HBO’s The Night Of was a huge hit a few summers ago. It wasn’t so much a ‘who done it’ but a pretty in depth look at the criminal justice system as a whole – from a crime to the investigation to indictment, pre-trial detention, trial motions, witness, evidence, a jury decision.
It raised the consciousness of many viewers, appalled some, reinforced the views of others. Along the way it was, of course, entertaining – even in its realism.
The Night Of is the story of Naz, a Muslim-American college student who takes his father’s cab one night and … ends up arrested and in Riker’s Island on a murder charge. After the first episode the show focuses on Naz coping with pre-trial detention, his lawyer (an amazing John Turturro) frantically trying to put a defense together in the face of damning evidence, and the detective and prosecutor building the case against Naz.
Interviewing Witness & Shifting Through Evidence
There’s a couple of great sequences with the prosecutor interviewing some of her potential witnesses, experts all. Judging from comments on social media and on the New York Times and other reviews and recaps, these scenes seem to have upset more than a few people.
They go like this:
Scene One: The NYC Drug Lab
Helen: Tell me about the effect the stuff he (Naz) had in his bloodstream when he was arrested.
Doctor: It was a strong cocktail, people react differently. Some people could fly a 747 across five time zones and be fine; others wouldn’t be able to lift their head off a pillow. Which one are you interested in?
Helen: The aviator.
Scene Two: The Coroner
Helen: … I’m wondering if that’s how he (Naz) got the cut on his hand. Do you see what I’m saying?
Coroner: I don’t think I do.
Helen: You’re stabbing someone with a knife, sometimes it goes so deep it hits bone, that causes your hand to slip on the blade … but it only slips once, even though you stabbed her twenty-one times. How common would that be?
Coroner: How common do you like it to be?
Helen: I’m asking, Harry, not telling. The question is, if this wound resulted in cutting his hand on a piece of glass or from the blade of a knife.
Harry: Hard to say.
Helen: Well, what if you had to say?
Harry: Will I have to say?
Helen: Yeah.
Harry (Looking at the photo for the first time): This cut was the result of his hand slipping from the handle of the knife onto the blade of the knife in the act of stabbing her.
A pause while Helen and Harry lock eyes for a five count.
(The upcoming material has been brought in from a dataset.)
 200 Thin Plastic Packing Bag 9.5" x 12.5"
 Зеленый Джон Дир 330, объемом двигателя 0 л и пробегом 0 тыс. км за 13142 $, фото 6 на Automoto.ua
Then Harry repeats his finding in a perfect courtroom voice. Helen thanks him.
Feeding Confirmation Bias
Again, a lot of series watchers – and there were a lot of them – seemed to be disturbed by these scenes. “It’s not fair’, ‘That’s not justice’, ‘They don’t care about the truth’, and a lot more, some of it vociferous.
This is a view of the ‘system’ that’s as prevalent as it wrong. At this point in The Night Of, the NYC Police and the prosecutor’s office are convinced of Naz’s guilt. They have reams of damning evidence but no witnesses. They have an indictment. They are building a court case against someone they are convinced stabbed a young woman to death.
They are, in short, doing what they need to do to get a killer off the streets. Everything Helen does is toward that end. Everything Helen does is perfectly legal and ethical. She is doing her job, which at this point is to win the case. The case she believes in.
It’s an adversarial system, it’s not about being fair, it’s about winning.